Usually we do empirical evaluations, which means we evaluate based off observed behavior in experiments. In this case, we take our data set UCI Machine Learning Repository: Human Activity Recognition Using Smartphones Data Set, run the model on it, and look to see how it evaluates. In our case, in terms of how to evaluate, we want to see how much leakage there is before versus after running the model on it. We are trying to protect raw data, so some metric we could use is data distribution (i.e. what the raw versus transformed data looks like when plotted), and accuracy (how close the transformed data is to the raw).
After we talked about potential research questions, hypotheses, and metrics of evaluation, we wrote all our findings in our research journal. I read a lot about differential privacy during my literature review, so most of my questions regarded if various noise-addition methods would maintain differential privacy, with my metric of evaluation being sensitivity. Differential privacy is a way to share information about a dataset while still withholding information about the individual data the dataset is comprised of. Sensitivity, or the maximum difference between outputs, of differential privacy is to be minimized in order for it to be more difficult for adversaries to get information.
The method we wanted to implement is called LSTM-SPLIT. LSTM stands for long-short term memory, which is a type of recurrent neural network (RNN) that is effective in processing time-series data. It deals with the vanishing and exploding gradient problem when training RNNs, and can process point data as well as sequential data without relation to points in previous steps.
We knew we wanted to use LSTM-SPLIT as our RNN, so we looked at tutorials on how to write a RNN for LSTM, using packages like Python's
Noise Addition Results |
|
---|---|
Method | Accuracy |
Gaussian | 90.546% (+/-0.588) |
Exponential | 88.086% (+/- 2.723) |
Laplace | 90.329% (+/- 0.993) |
We ended up using numpy's existing random noise addition function, since there was no noticable difference when we ran the LSTM RNN on different types of noise.
In conclusion, I think this was a very memorable experience. My group mates were supportive and communicative throughout the entire process, which was a plus since the entire program is done remotely. My PhD mentor was especially helpful and clarified points of confusion throughout the entire process (i.e. what is a good hypothesis) and checked in with is very often, making the initiative to schedule meetings and one-on-one meetings if we were particularly stuck. A very important point of note I believe to mention is my PhD mentor was not judgemental and worked solely on helping our understanding instead of focusing on points to criticize. This unassuming stance that she took in terms of our skill level was particularly helpful as it was my first time ever doing actual research in this field. This experience definitely solidified my stance on this subject, and I would like to do similar things in the future. Unfortunately, we were not able to complete our code or do as much as we wanted, but I'm proud of my PhD mentor and my group for what we were able to put out.

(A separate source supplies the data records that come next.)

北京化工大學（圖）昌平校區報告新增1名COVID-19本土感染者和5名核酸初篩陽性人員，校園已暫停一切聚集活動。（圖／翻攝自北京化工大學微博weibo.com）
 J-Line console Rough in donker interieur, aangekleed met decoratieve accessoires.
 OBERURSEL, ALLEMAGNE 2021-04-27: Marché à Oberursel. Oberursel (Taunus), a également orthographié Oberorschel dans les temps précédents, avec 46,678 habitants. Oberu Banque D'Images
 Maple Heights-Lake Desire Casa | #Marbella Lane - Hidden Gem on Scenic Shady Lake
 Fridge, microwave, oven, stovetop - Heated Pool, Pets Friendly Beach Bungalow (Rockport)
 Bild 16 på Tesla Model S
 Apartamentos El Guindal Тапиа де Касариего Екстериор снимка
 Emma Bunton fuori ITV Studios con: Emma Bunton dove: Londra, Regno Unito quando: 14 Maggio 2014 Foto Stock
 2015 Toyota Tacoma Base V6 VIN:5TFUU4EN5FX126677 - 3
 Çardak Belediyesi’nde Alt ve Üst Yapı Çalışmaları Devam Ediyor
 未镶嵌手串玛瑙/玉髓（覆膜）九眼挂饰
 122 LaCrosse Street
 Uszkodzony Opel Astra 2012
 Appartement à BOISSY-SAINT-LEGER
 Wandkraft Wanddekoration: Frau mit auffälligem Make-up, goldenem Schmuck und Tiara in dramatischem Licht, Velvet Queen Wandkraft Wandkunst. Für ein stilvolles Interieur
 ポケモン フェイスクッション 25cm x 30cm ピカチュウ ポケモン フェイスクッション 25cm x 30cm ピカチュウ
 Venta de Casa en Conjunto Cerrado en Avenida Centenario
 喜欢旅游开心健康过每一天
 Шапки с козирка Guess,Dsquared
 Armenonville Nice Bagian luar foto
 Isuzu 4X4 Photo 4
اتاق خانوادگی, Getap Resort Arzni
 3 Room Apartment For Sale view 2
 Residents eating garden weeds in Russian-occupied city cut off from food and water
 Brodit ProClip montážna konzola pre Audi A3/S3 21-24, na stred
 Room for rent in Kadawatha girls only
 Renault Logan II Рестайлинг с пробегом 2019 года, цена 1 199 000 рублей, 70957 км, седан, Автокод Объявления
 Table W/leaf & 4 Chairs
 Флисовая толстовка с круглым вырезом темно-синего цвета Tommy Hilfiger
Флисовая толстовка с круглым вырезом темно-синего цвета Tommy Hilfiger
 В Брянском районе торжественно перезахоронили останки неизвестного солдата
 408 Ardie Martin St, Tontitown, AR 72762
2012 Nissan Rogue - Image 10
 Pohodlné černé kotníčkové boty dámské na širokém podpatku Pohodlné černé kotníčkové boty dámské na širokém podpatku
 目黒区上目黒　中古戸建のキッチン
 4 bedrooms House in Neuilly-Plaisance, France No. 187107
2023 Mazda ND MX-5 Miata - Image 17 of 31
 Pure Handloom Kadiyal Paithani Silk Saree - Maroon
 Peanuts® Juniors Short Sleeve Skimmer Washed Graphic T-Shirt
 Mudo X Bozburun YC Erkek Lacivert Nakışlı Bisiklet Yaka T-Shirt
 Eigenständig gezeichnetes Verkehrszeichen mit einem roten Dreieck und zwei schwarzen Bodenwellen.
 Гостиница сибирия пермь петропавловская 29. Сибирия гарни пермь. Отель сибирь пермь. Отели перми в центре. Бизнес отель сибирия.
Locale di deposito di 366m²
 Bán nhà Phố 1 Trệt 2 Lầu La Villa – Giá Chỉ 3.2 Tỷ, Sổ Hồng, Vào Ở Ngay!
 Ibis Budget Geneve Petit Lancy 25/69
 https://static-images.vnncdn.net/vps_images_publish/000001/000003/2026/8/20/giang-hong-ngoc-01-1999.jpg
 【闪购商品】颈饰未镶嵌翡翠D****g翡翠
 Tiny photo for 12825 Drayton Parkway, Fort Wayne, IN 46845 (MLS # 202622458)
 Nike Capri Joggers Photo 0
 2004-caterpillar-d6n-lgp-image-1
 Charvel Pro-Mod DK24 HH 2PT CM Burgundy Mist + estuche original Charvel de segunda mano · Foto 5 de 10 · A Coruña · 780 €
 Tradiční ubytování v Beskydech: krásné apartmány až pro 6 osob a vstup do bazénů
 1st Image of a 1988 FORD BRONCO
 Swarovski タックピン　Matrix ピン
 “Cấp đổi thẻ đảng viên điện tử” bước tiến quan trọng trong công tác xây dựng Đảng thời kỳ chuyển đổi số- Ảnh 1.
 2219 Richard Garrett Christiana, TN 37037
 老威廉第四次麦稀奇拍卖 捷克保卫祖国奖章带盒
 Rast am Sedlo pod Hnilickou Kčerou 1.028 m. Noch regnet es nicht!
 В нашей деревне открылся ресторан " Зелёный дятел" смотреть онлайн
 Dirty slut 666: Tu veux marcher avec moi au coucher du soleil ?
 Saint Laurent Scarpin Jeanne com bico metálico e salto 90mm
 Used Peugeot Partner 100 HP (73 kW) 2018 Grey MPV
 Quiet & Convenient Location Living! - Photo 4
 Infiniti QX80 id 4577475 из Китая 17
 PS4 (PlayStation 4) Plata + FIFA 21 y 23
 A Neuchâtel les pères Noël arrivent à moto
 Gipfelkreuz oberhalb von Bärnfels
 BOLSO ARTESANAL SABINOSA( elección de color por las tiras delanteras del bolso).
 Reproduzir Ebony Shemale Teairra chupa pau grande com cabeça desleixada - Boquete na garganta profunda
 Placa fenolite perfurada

In February, we had our URV poster sessions where each group was able to showcase their findings and research. The pictures from the event can be found here, and here is a blurb that CICS wrote about the event in the CICS weekly newsletter:
The Undergraduate Research Volunteers (URV) finale and poster session was held last week. URV matches computer science undergraduates with a doctoral student mentor to explore research projects and network with students and faculty. Nine teams presented research posters from seven CICS labs.